This is surprising given Gerry is someone with a sharp sense of social injustice who attended a number of protests.
However, his sixteen-year-old daughter Coral (Elin Doyle) is becoming more politically aware and is horrified at the nuclear bombs dropped on Japan killing over 200,000 when that country was already in negotiations on a possible surrender. She argues that building more bombs is “wasting money when it could be feeding people.”
She should be preparing for a speaking competition at a “posh” school, but, after hearing about the Greenham Common Women’s Peace Camp against nuclear weapons, travels to join it, despite her dad referring to them as a bunch of “unwashed lesbians”.

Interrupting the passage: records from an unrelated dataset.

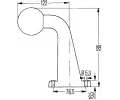 HELLA Obrysov svtlo HE 2XS340108-001, 2XS 340 108-001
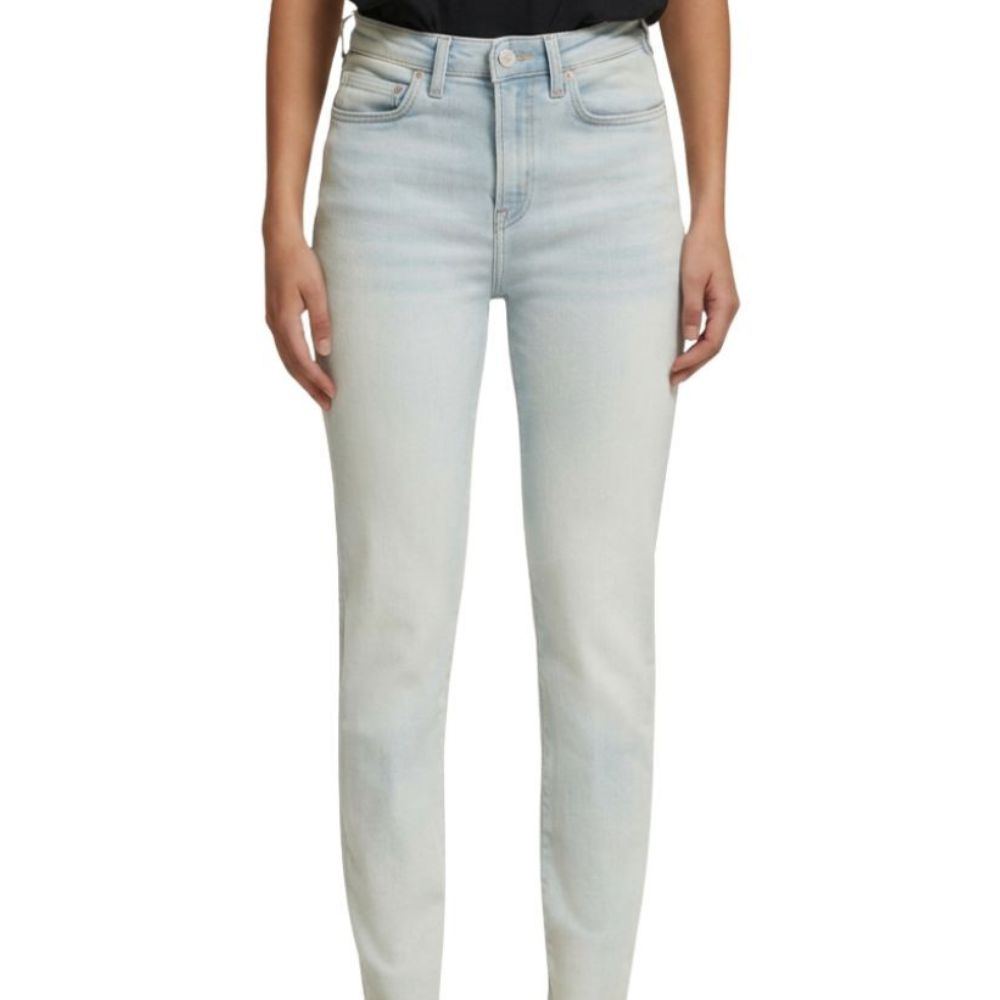 Scotch & Soda - High-Waisted Jeans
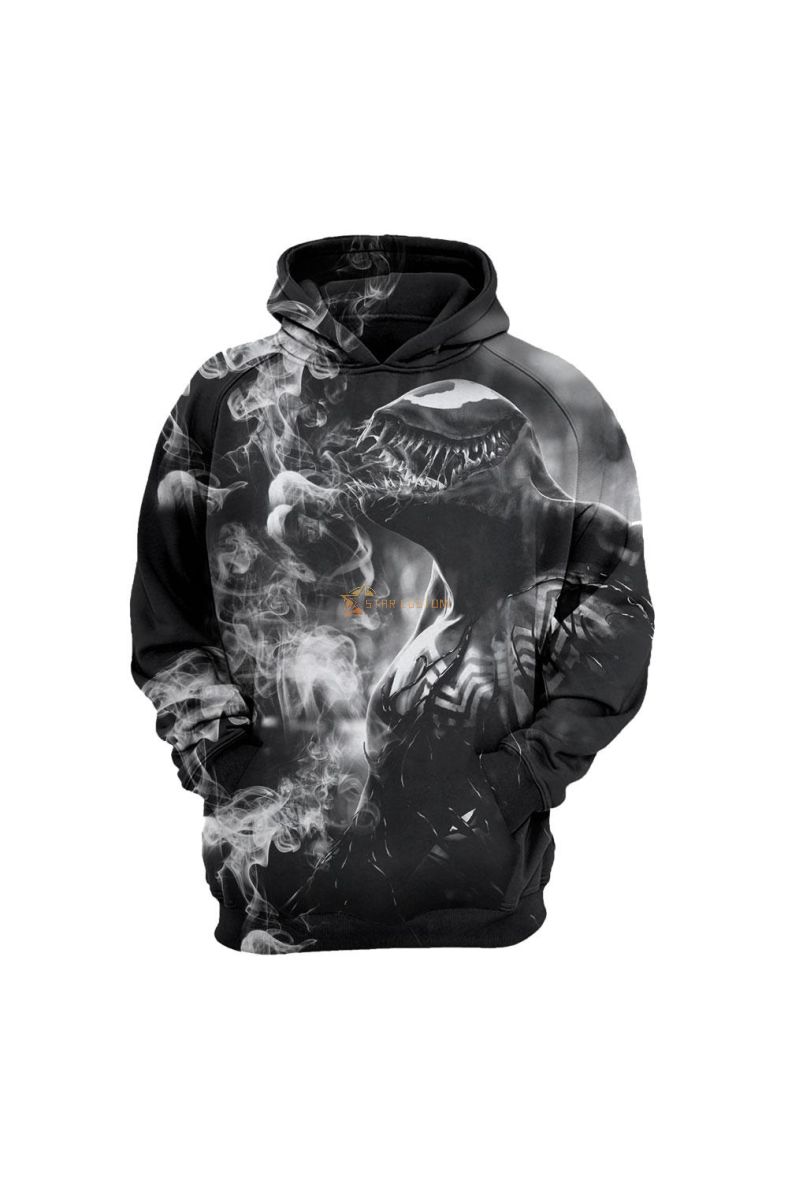 Venom Spiderman Series S Hoodie Classic Fit Unisex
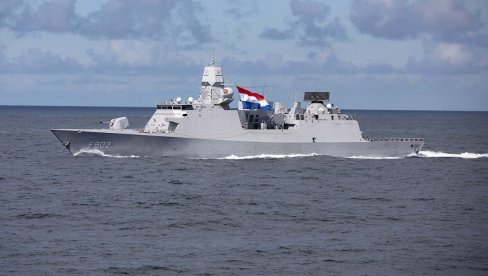 Брука за некадашње владаре мора: Трагач од пет евра обрукао холандску морнарицу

When the police bring her back saying they could have charged her, she is silently impressed that Gerry defends her right to protest and tells the police to go away.
Inevitably, her speech at the “posh school” is peppered with references to nuclear weapons, pointing out that of the major nuclear powers, Britain is the only one not to acknowledge the damage the tests caused.
The play is bookended with a conversation she has with her aunt Maureen (Caron Kehoe) many years later when her father is dead and she has been given her 1980s diaries that she thought no longer existed.
The play can feel underpowered, slightly repetitive and lacking dramatic tension, but it is always watchable, and incredibly important.
Elin Doyle’s father was one of those who suffered because of their proximity to the nuclear tests and believed they were there as guinea pigs. But the long toll of early deaths and birth defects makes little impact on government.
In June 2022, seventy years after Britain tested its first nuclear weapons off the coast of Australia in October 1952, Boris Johnson met with nuclear test veterans who spoke of “early deaths, government cover-ups and hereditary illness.”
Of course, we all know how keen Johnson was to investigate a continuing scandal.
Elin has insisted there needs to be "an apology, like that given for the Hillsborough victims, and proper care for the families left behind."